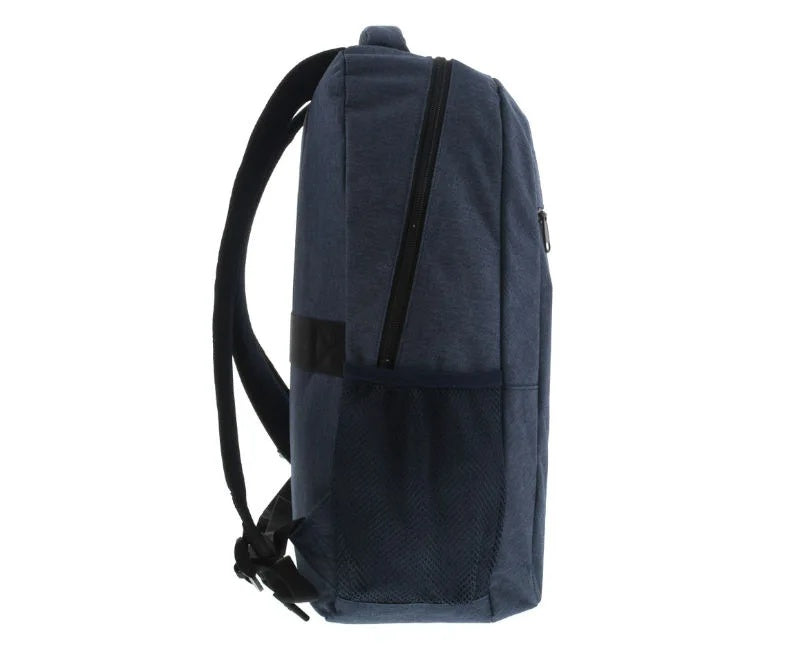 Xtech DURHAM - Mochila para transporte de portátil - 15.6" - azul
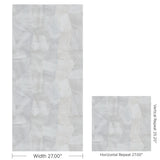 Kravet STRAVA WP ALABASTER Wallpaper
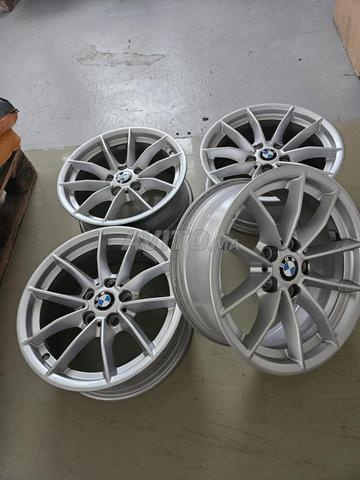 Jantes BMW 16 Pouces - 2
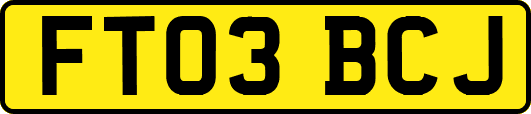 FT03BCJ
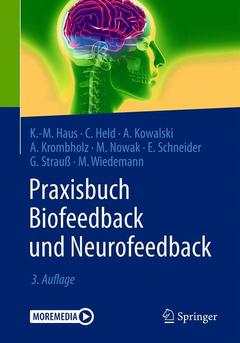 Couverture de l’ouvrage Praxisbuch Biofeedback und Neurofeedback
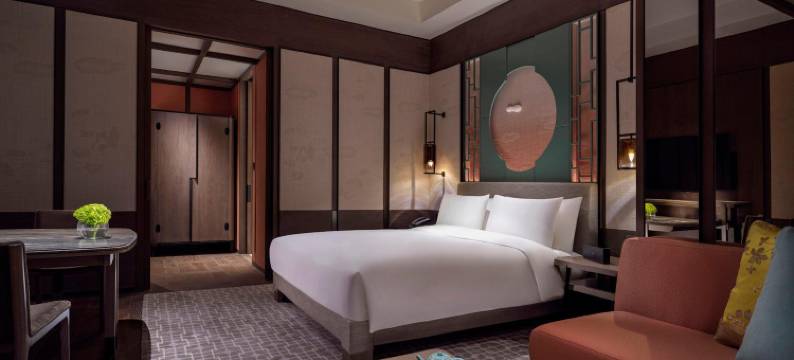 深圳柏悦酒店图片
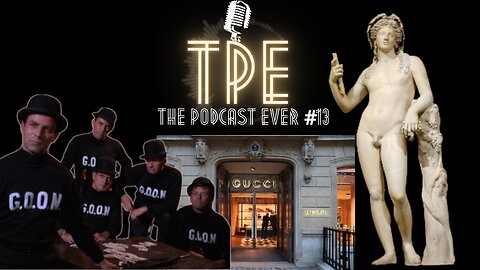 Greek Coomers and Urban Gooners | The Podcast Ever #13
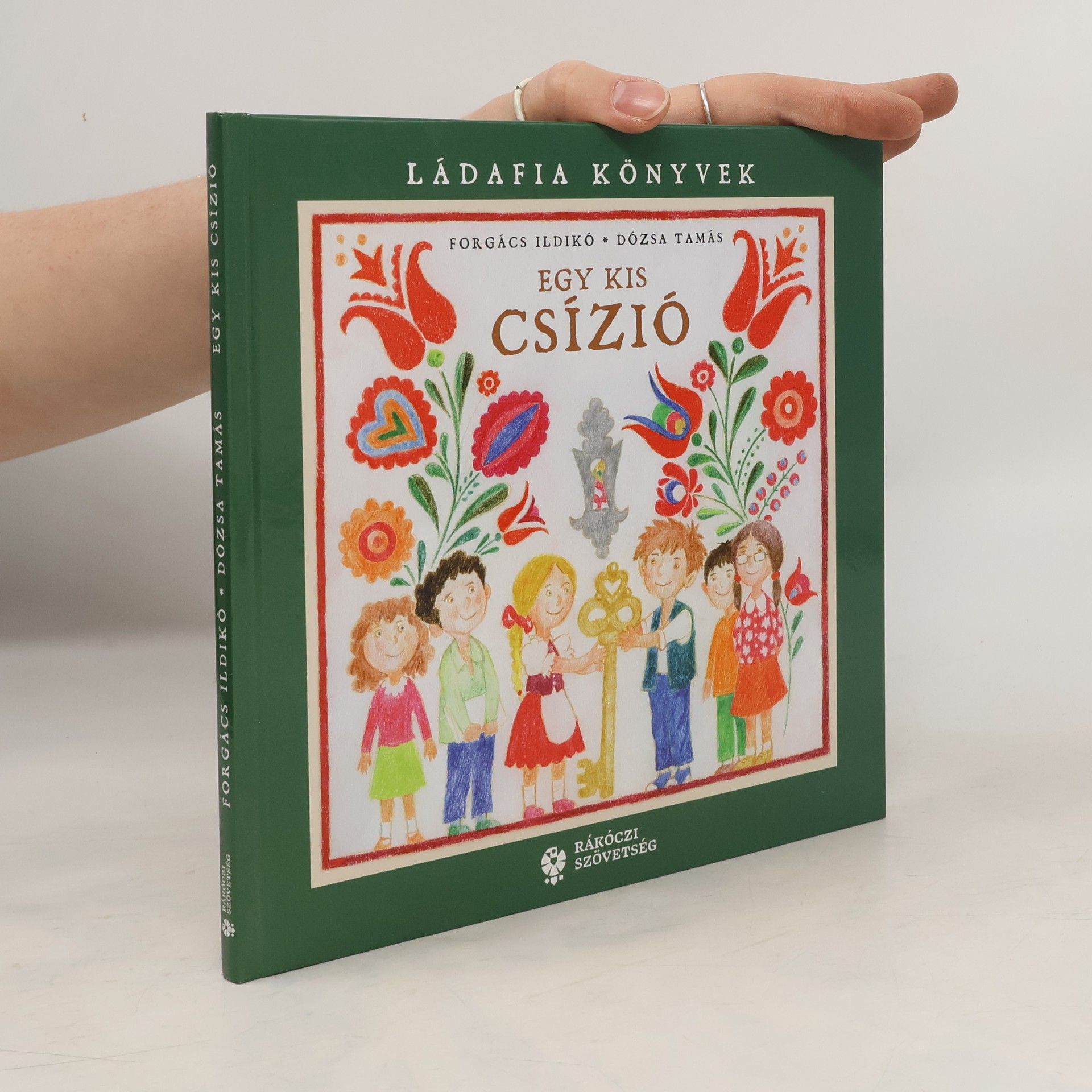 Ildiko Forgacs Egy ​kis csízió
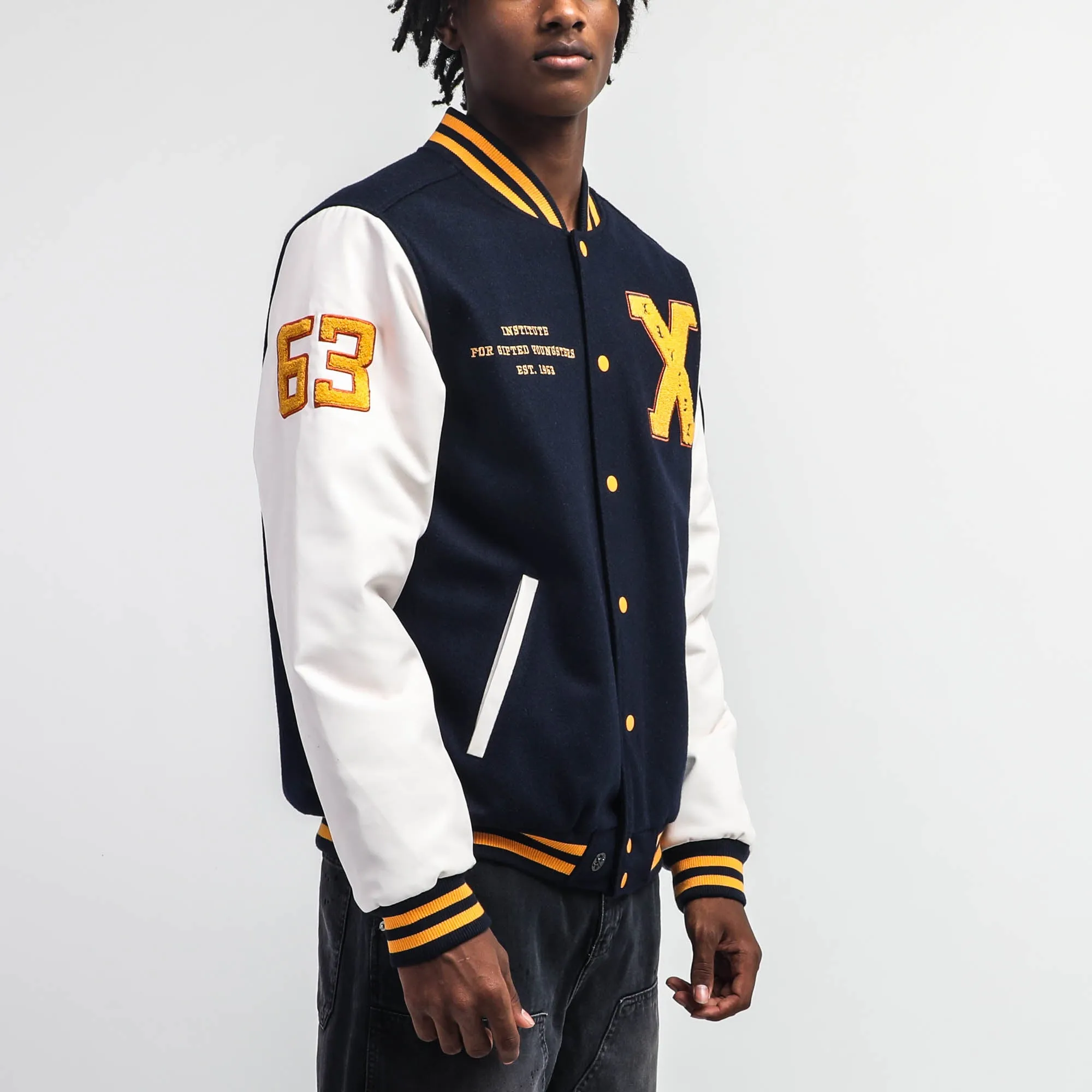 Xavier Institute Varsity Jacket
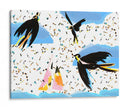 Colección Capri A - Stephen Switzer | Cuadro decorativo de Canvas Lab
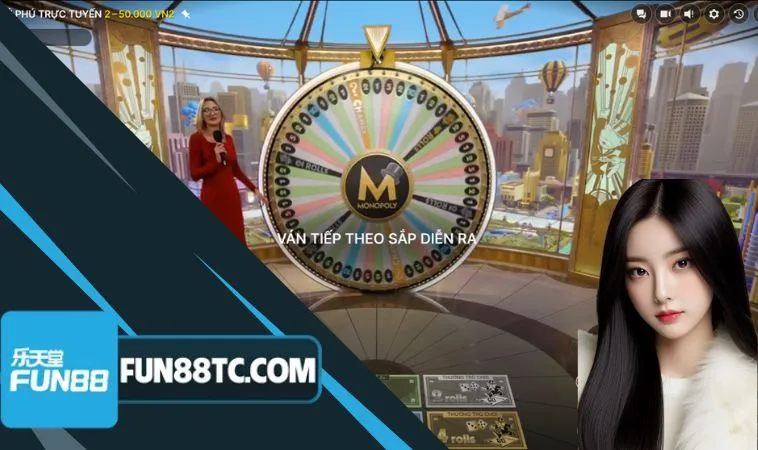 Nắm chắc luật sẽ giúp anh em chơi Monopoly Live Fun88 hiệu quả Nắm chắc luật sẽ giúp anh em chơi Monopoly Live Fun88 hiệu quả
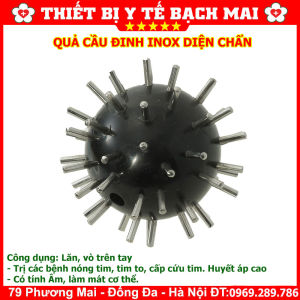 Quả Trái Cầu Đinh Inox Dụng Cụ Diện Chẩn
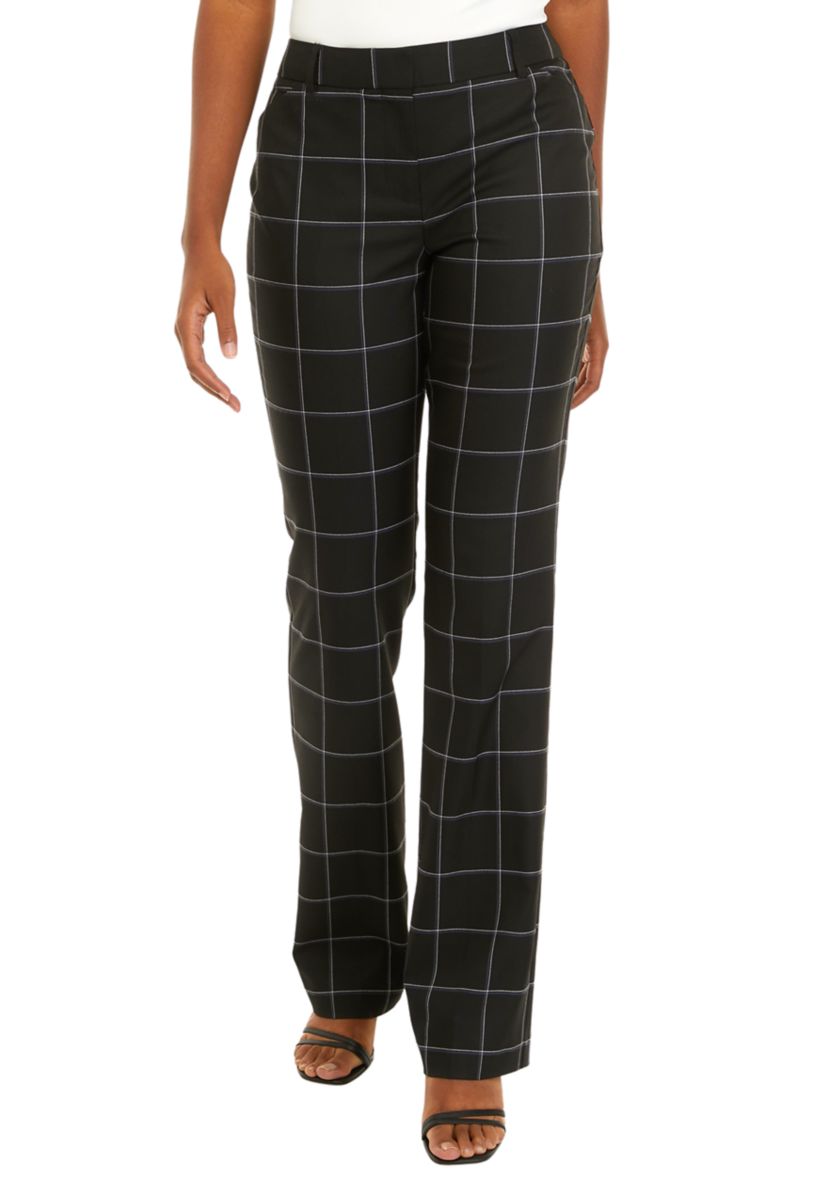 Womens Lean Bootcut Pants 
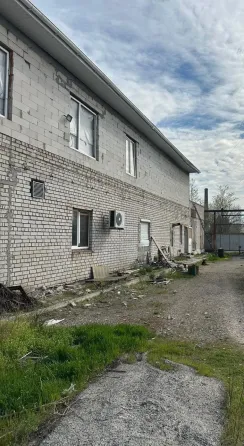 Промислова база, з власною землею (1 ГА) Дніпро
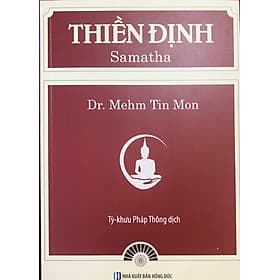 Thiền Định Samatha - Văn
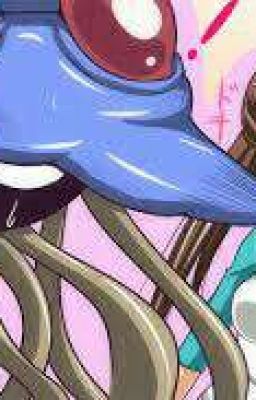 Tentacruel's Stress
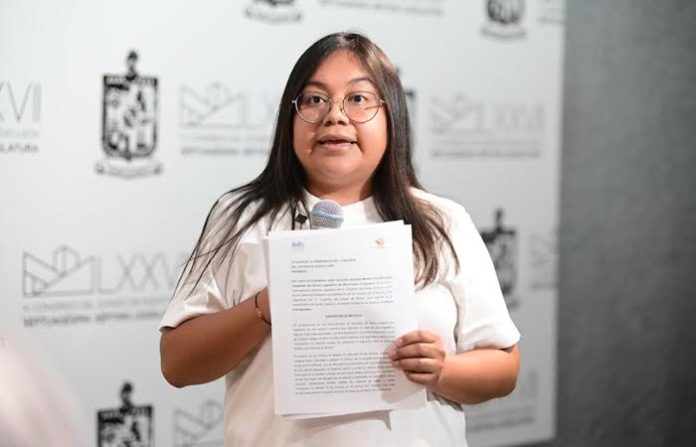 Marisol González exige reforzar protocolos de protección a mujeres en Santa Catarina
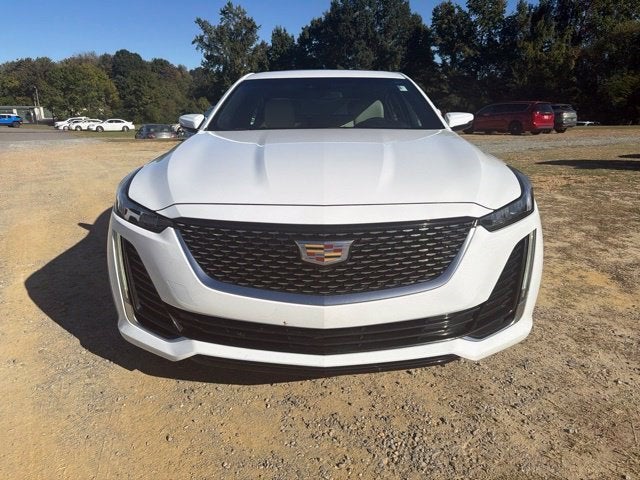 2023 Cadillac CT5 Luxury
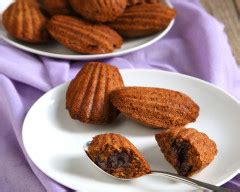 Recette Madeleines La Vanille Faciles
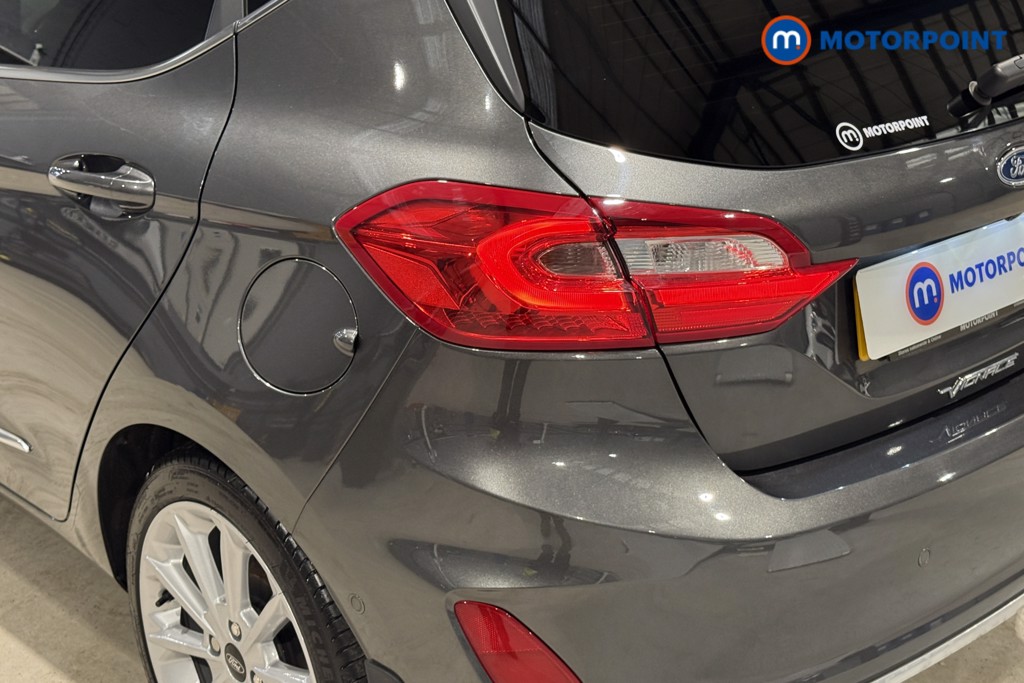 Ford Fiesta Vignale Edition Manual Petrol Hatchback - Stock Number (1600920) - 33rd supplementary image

--------------------

▸ **What the task asks**
The answer must be the data above, repeated exactly, with no pictures.

▸ **Exercise response**
 Xtech DURHAM - Mochila para transporte de portátil - 15.6" - azul
 Kravet STRAVA WP ALABASTER Wallpaper
 Jantes BMW 16 Pouces - 2
 FT03BCJ
 Couverture de l’ouvrage Praxisbuch Biofeedback und Neurofeedback
 深圳柏悦酒店图片
 Greek Coomers and Urban Gooners | The Podcast Ever #13
 Ildiko Forgacs Egy ​kis csízió
 Xavier Institute Varsity Jacket
 Colección Capri A - Stephen Switzer | Cuadro decorativo de Canvas Lab
 Nắm chắc luật sẽ giúp anh em chơi Monopoly Live Fun88 hiệu quả Nắm chắc luật sẽ giúp anh em chơi Monopoly Live Fun88 hiệu quả
 Quả Trái Cầu Đinh Inox Dụng Cụ Diện Chẩn
 Womens Lean Bootcut Pants 
 Промислова база, з власною землею (1 ГА) Дніпро
 Thiền Định Samatha - Văn
 Tentacruel's Stress
 Marisol González exige reforzar protocolos de protección a mujeres en Santa Catarina
 2023 Cadillac CT5 Luxury
 Recette Madeleines La Vanille Faciles
 Ford Fiesta Vignale Edition Manual Petrol Hatchback - Stock Number (1600920) - 33rd supplementary image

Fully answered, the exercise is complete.